"Soap Bubble in a Rose Garden" Tristan Unrau & Willy Reed.
Stanley’s is pleased to announce Soap Bubble in a Rose Garden, a two-person exhibition featuring paintings by Tristan Unrau and ceramic sculpture by Willy Reed. The exhibition will run from June 19 to July 17, 2021, with an opening on Saturday, June 19, from 6 to 9 PM. Both artists utilize their respective practices to create a visual narrative based on inner dialogue and daily life. The pairing of Unrau and Reed creates movie-like sequences that are seemingly nonsensical, yet when taken as a whole, produce a space that encourages the viewers to look for a mode of deciphering the world and communicating with it.
In Unrau’s paintings, the style jumps from a hyperreal self-portrait to a cartoonish and whimsical forest scene to an impressionist plein-air picture.
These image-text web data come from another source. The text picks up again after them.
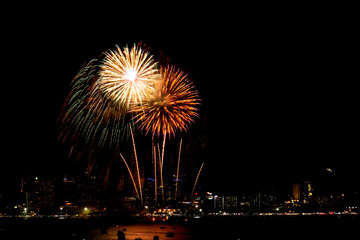 Fototapeta premium Many flashing fireworks with night cityscape background celebrate New Year.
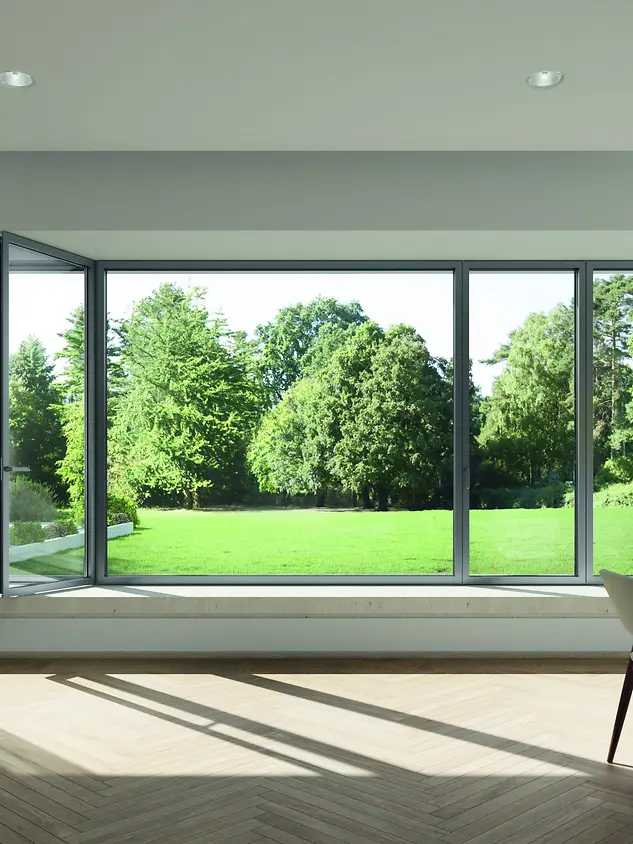 Interno luminoso con finestra panoramica Schüco AWS 75 PD.SI che si apre sul giardino, profili sottili e massima trasparenza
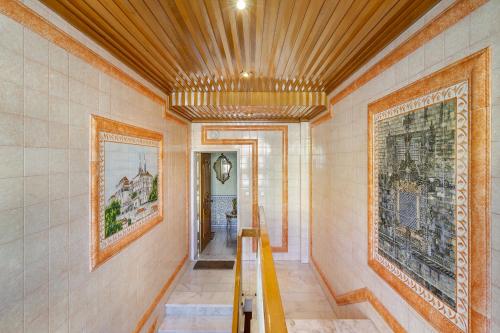 a hallway of a home with a wooden ceiling at WHome Perfect Family Hideout Residence w/AC & 4BR + 5BA in Cascais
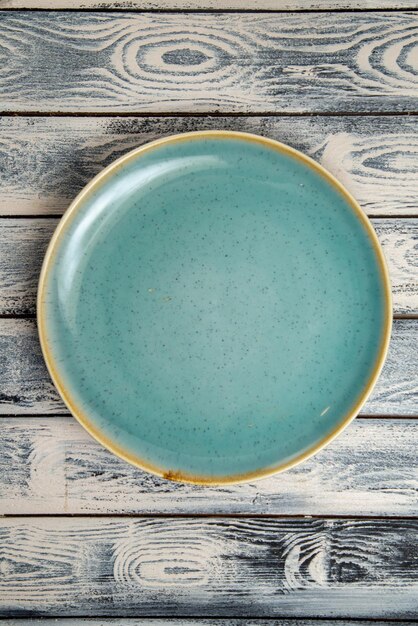 Top view empty glass plate green ed on grey-rustic surface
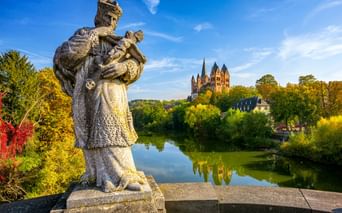 Stone statue on a bridge overlooking the Lahn River with Limburg Cathedral on a hill. Autumn trees frame the scene under a blue sky.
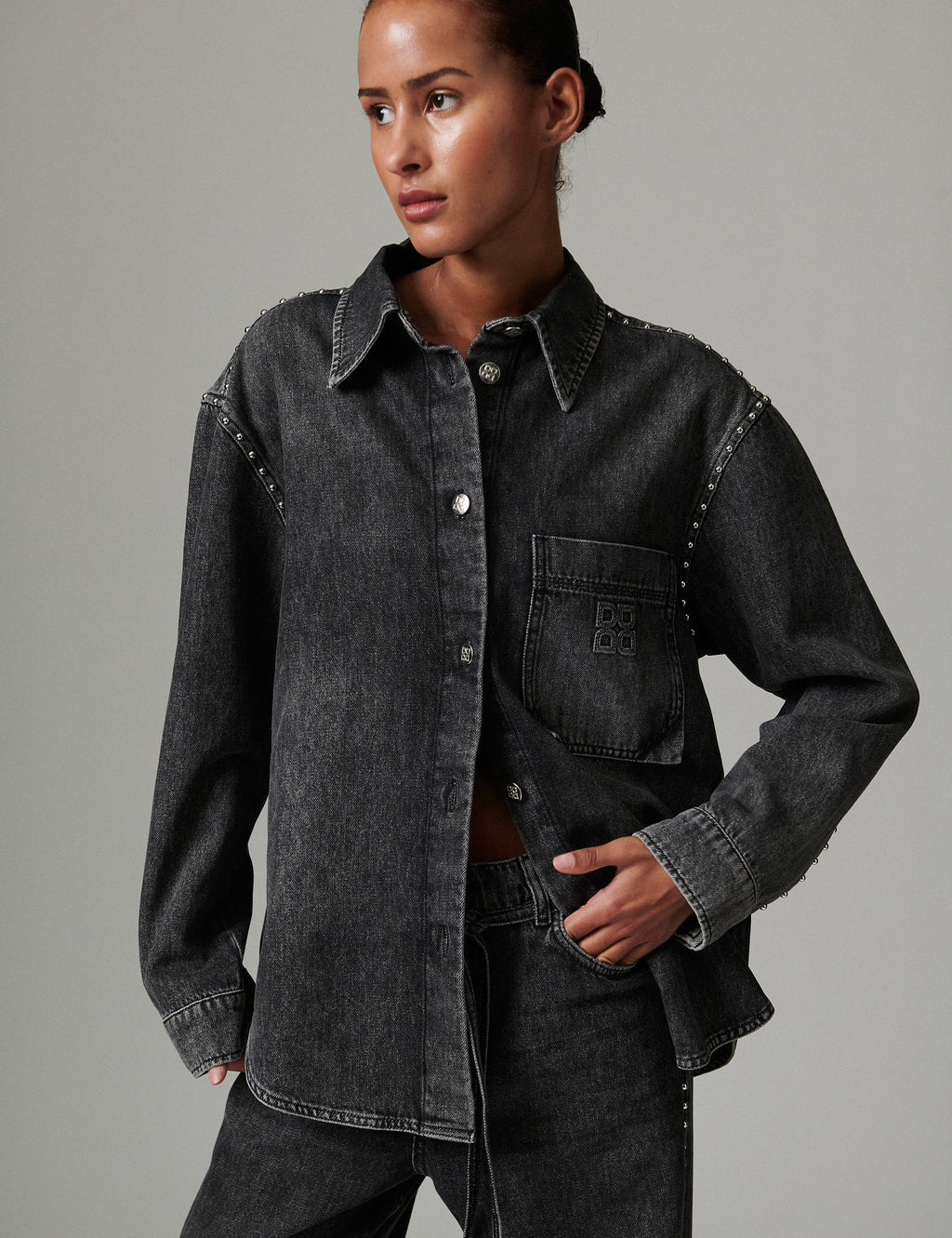 Person wearing a dark denim jacket on a gray background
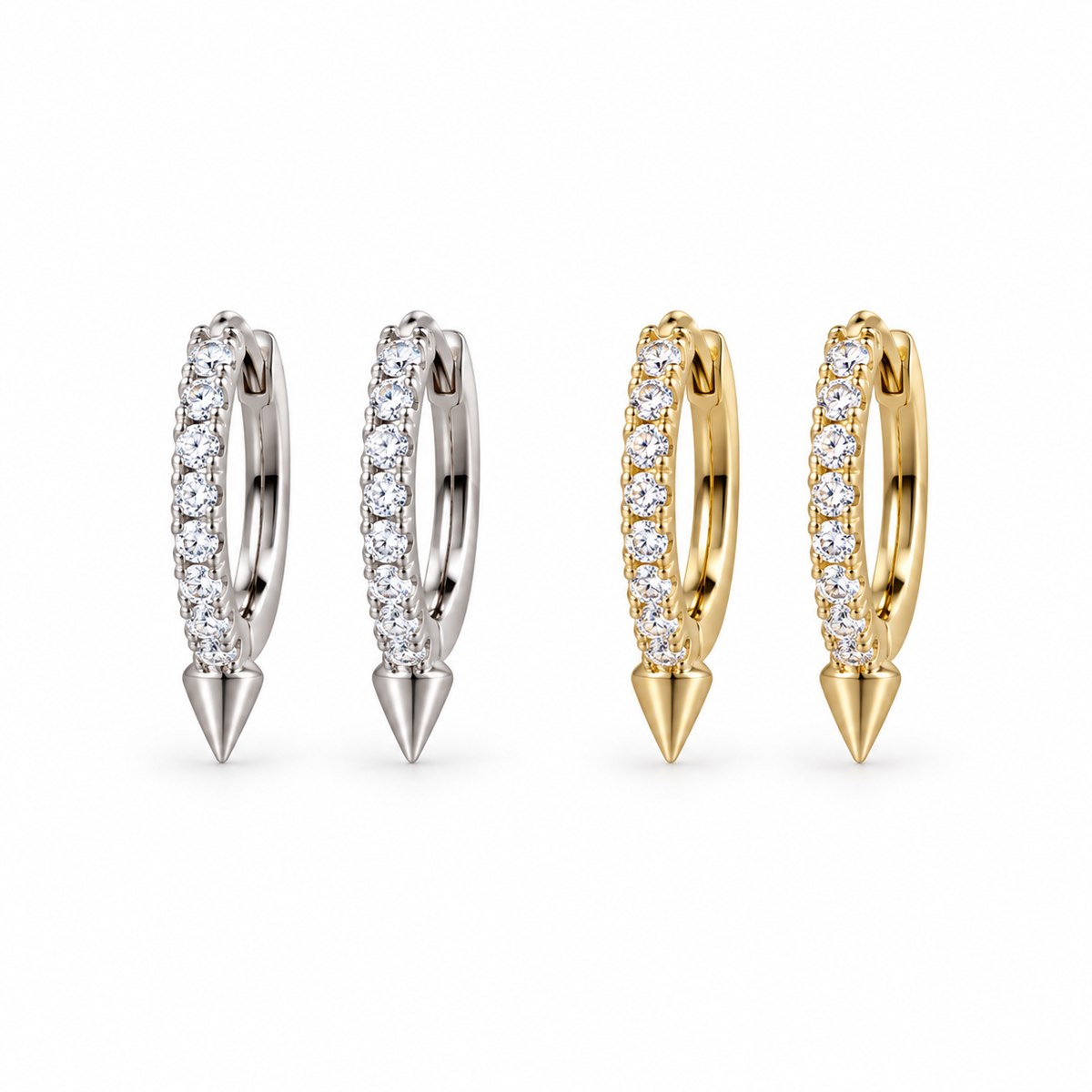 Diamond Spike huggie earrings in silver and gold on a white background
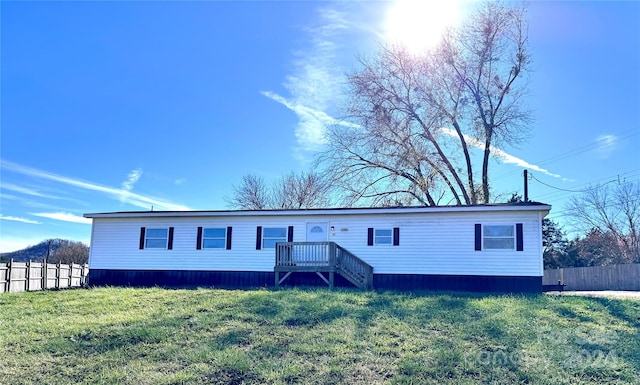 manufactured / mobile home featuring a front lawn and a wooden deck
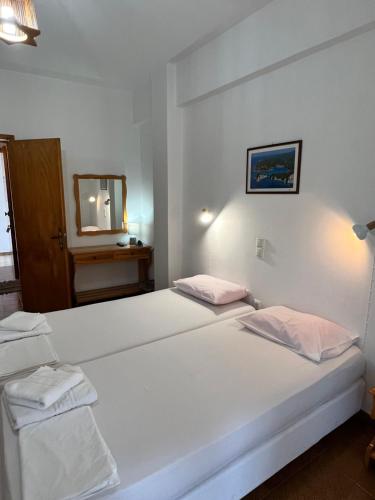 two beds in a room with a mirror at ERIDA Accommodation in Lákka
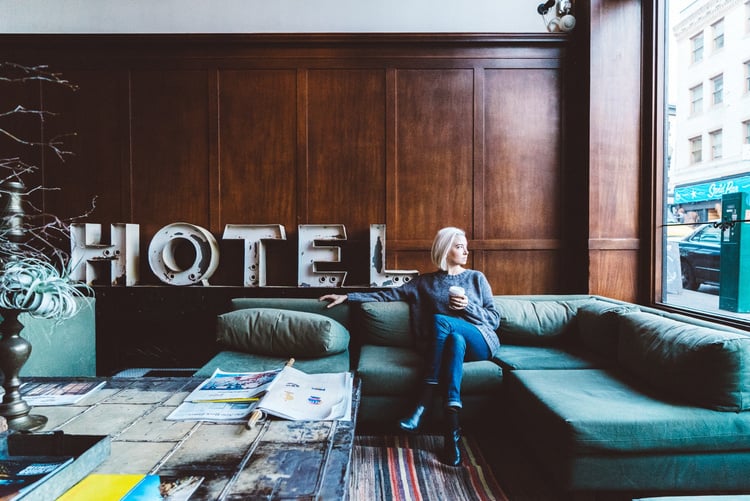 Woman Sitting on a Hotel Lobby Couch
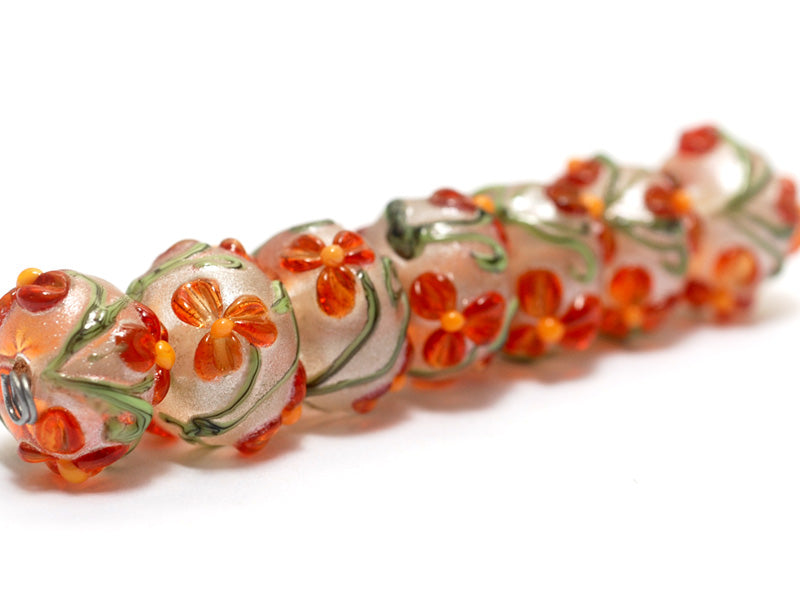10705901 - Seven Vermilion Flower Rondelle Beads
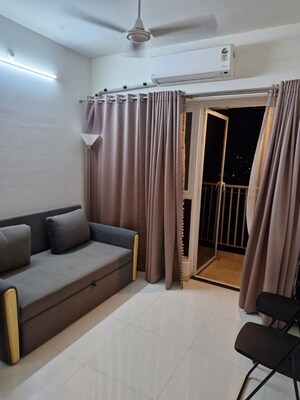 Living Room in 1 BHK Apartment at Godrej Hillside, Mahalunge – for Sale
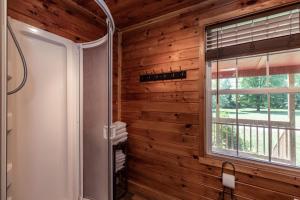 a bathroom with wooden walls and a window at Twin Creeks Cabin - Anglers Retreat! in Powderhorn Mountain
Unrau’s painting encourages a game of associative thinking that navigates the struggles and triumphs of daily life. Unrau is a technically skilled painter who can adjust stylistically, changing the brushwork’s thickness, speed, and touch to match his subject matter. His stylistic curvature leads the viewer through visual rhymes, art historical references, and personal meditations to produce a visually engaging experience. In Bathroom Scene after Erich Rohmer, afternoon light gently beams into the room in a lazy moment of reflection. In Ideal Mammoth, we encounter a subject directly experienced by humans living thousands of years ago and now only available through illustrations and natural history dioramas. Through a diverse set of references and subject matter ranging from photographs to plein-air paintings, from woolly mammoths to bathroom interiors, Unrau reminds us of what the poet David Whyte calls the conversational nature of reality, encouraging us to enter into a personal dialogue with the work.
Willy Reed’s ceramic sculptures exist in the moments between Saturday night’s rave and the harsh light of Sunday's rising sun. From police waiting in speed traps, to ecstatic embraces, and tripped-out visions, Reed’s sculptures layer joy with fear, the quotidian with the extraordinary, and the physical with the spiritual. In Self Portrait with Emotions the artist presents himself as a handsome figure covered in small splotchy rainbows with trembling smiley faces, like those worn by anxious party-goers. While oscillating emotions are literally worn on his sleeves his glowing soul watches proudly from atop his comically oversized firetruck-red boot. In Boardy Bodder colors radiate from a crude anthropomorphic shape and surge towards twin dripping orbs. What is shown is difficult to find words for, in the way that it is difficult to describe how energy moves through a wave. Reed’s sculptures form a tableau, one describing both his processes and biography as well as documenting and filtering our contemporary experience.